Unlike rule-based generators like [Synthea](https://github.com/synthetichealth/synthea), patient trajectories are language-controlled -- producing a new kind of cohort doesn't require writing simulation code or state machines, just a description.

## Pipeline

Given a positive description (what the patients should be like) and a negative description (what they should *not* be like), neopatient runs a multi-stage pipeline:

1. **Sampling** -- An LLM generates individualized "patient recipes" (demographics, temporal segments, event densities) that match your descriptions, guided by reference statistics from real record distributions.
2. **Generation** -- For each recipe, an LLM generates longitudinal medical events across temporal segments, with appropriate code systems (SNOMED, ICD-10, LOINC, RxNorm, CPT, etc.).
3. **Matching** -- Free-text event descriptions are matched to real medical codes via a precomputed vector database (ChromaDB + embeddings over standard terminologies).
4. **Verification** -- An LLM checks each completed record against the original positive/negative descriptions, filtering out records that don't meet the specification.

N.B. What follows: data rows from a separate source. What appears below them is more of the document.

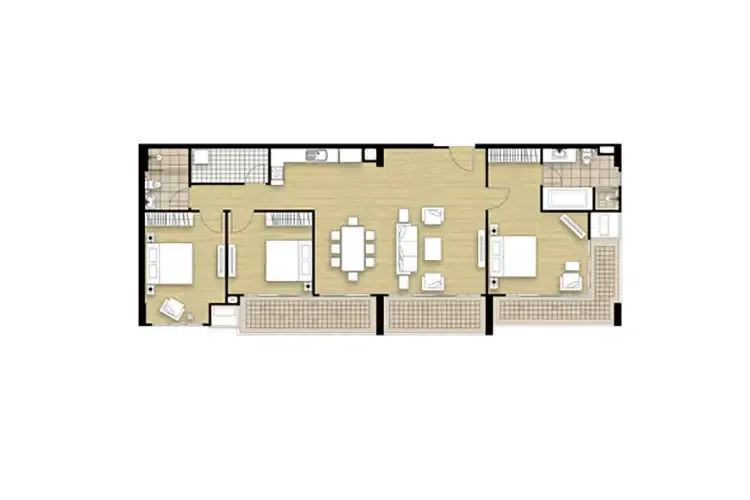 ภาพแบบบ้าน-3 Bedroom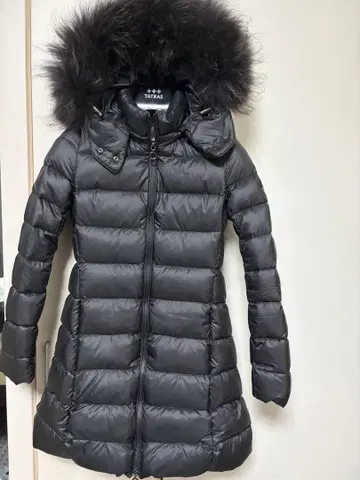 TATRAS 스트라다에스트 별주 여성용 다운 01 블랙 퍼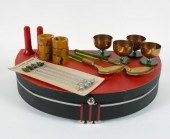 Assortment of 17 pieces Art De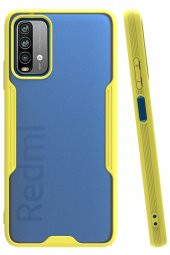 Xiaomi Redmi 9T Kılıf Platin Silikon Kılıf - 3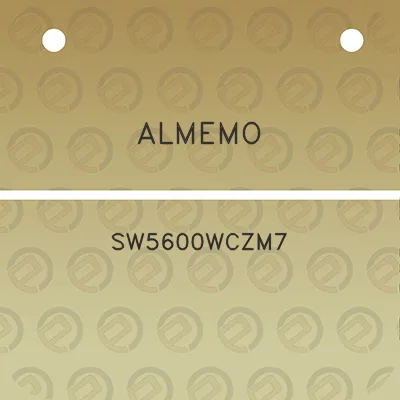 almemo-sw5600wczm7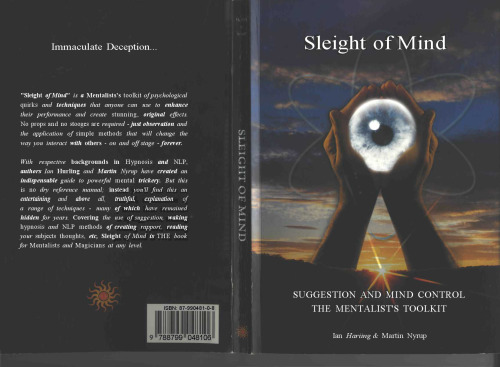 Sleight of Mind: Suggestion and Mind Control – The Mentalist's Toolkit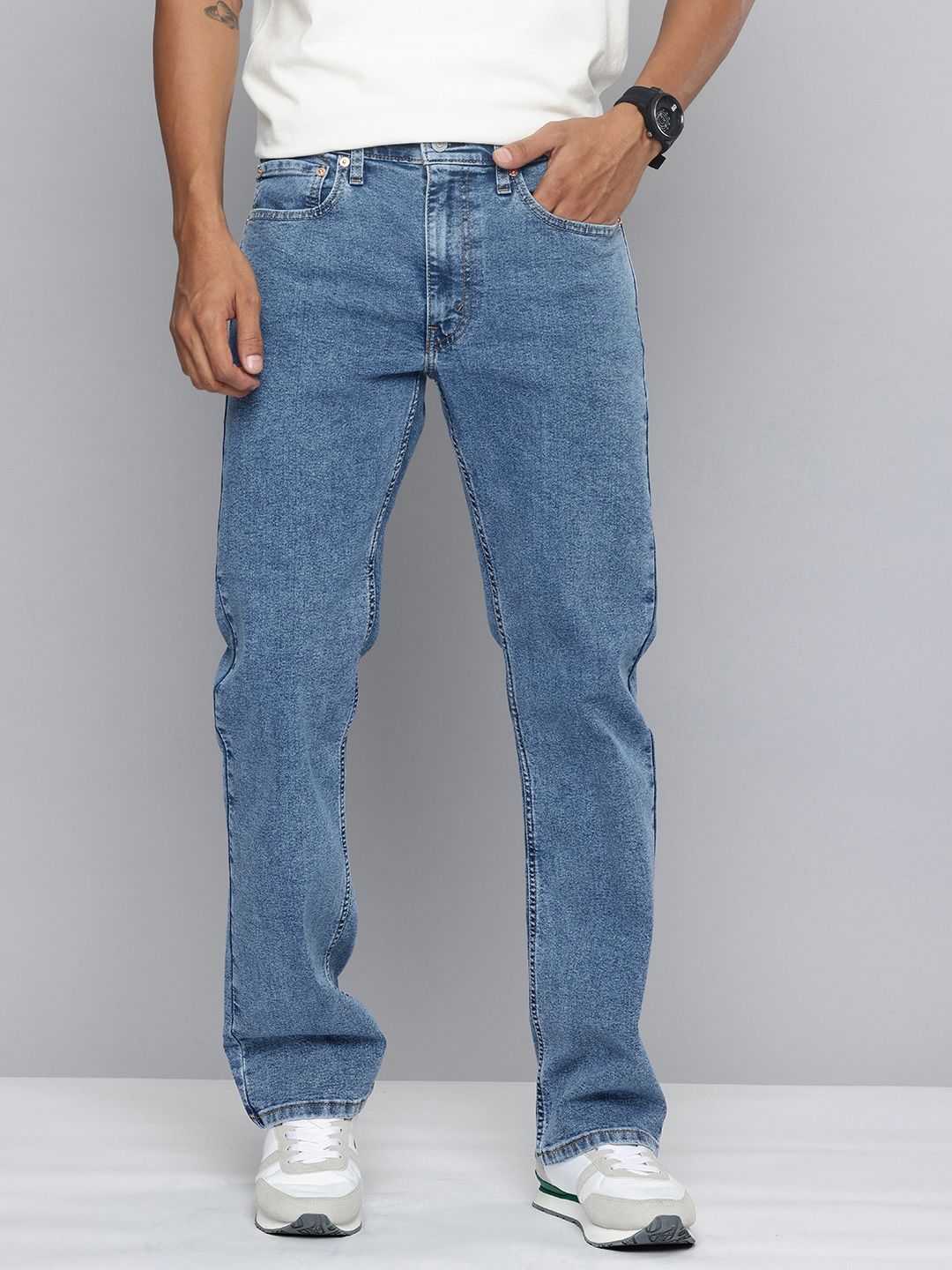 Levis Men 527 Bootcut Stretchable Jeans-picture-14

The output is a Parquet file in MEDS format. For large cohorts, neopatient uses LLM batch APIs with a state file for resumability.

## Usage

Generate a single patient:
```bash
# make sure OPENAI_API_KEY is set
uvx neopatient single \
  --positive "Adult patient with type 2 diabetes managed with metformin, with at least 5 years of follow-up" \
  --negative "Patient with type 1 diabetes or gestational diabetes" \
  --out patient.parquet
```

Generate a cohort of patients:
```bash
uvx neopatient cohort \
  --positive "Adult patient with type 2 diabetes managed with metformin, with at least 5 years of follow-up" \
  --negative "Patient with type 1 diabetes or gestational diabetes" \
  --size 1000 \
  --state-file state.json \
  --out cohort.parquet
```

The `--state-file` tracks pipeline progress, so if a long-running job is interrupted, rerunning the same command resumes where it left off.

Use `--record-type` to choose between `ehr-inpatient`, `ehr-outpatient` (default), and `claims`, which determines the available code systems and timestamp precision. Use `--generator`, `--sampler`, and `--verifier` to pick models for each pipeline stage.

### Vector database

The matching stage relies on a precomputed vector database of medical codes. A default database (embedded with [Qwen3-Embedding-8B](https://huggingface.co/Qwen/Qwen3-Embedding-8B)) is downloaded automatically from Hugging Face on first use. To build your own from a parquet file of codes and descriptions:
```bash
uvx --from neopatient neopatient-db --parquet_path codes.parquet --db_dir ./my_db
```
Then pass `--db_dir ./my_db` to `neopatient`.